Addicts are very very good at telling you what you want to hear so that you give them what they want. They do this mirroring thing that makes you think you are the perfect soul mates almost instantly. It's all fake, whether intentional or not. They are holding up a mirror not a window to their soul.

Nearlyalmost50 Thu 11-Jul-19 01:07:43

Basically he doesn't work, doesn't own a property/might find it hard to get rent, had alcohol problems, doesn't drive and has ongoing mental health problems, all of which may affect his ability to get a decent job (all of which could also be fixed but any one of which might scupper your future).

You have a decent job, more than decent, one you love- and he wants you to give it up! Sorry but I think he's trying to drag you down to his level.

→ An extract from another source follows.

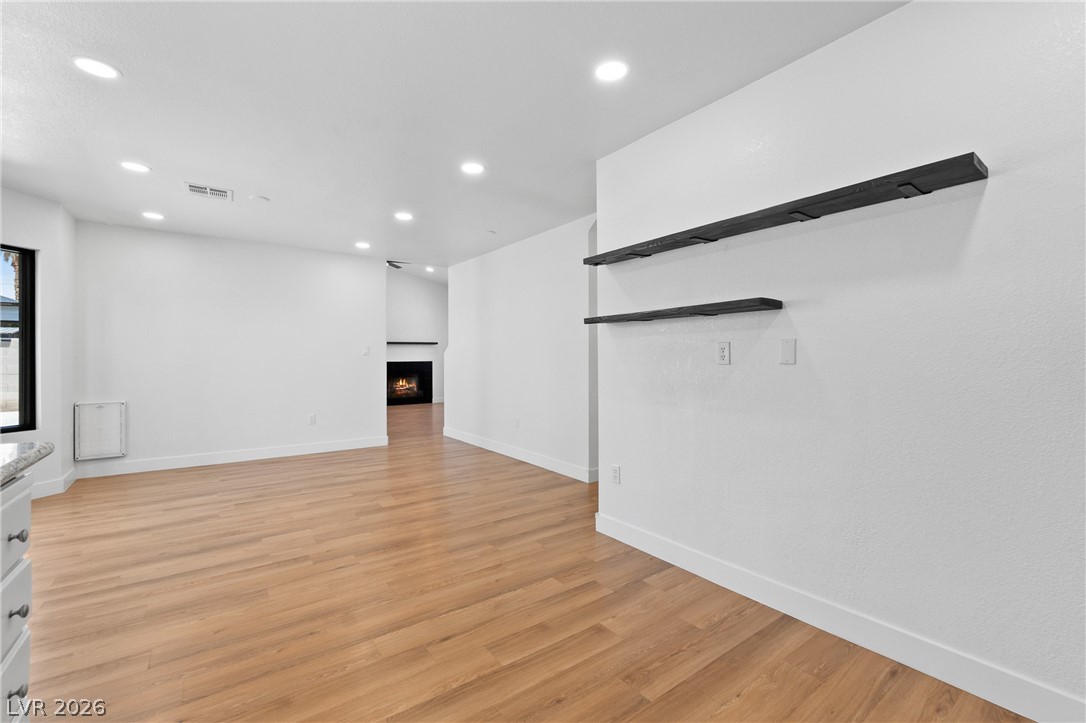 Photo 9 of 30, 3523 Farina Drive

The only way this could work is if you kept the relationship going another couple of years to see what really happens with his drinking/ability to get work/live independently (don't let him move in, otherwise you are just another hostel really, let him earn his money and rent for a year). That way you could assess what is talk and what is action, he seems all talk to me.

Otherwise you will have a child, and him who will be like another child. It doesn't sound a goer I'm afraid.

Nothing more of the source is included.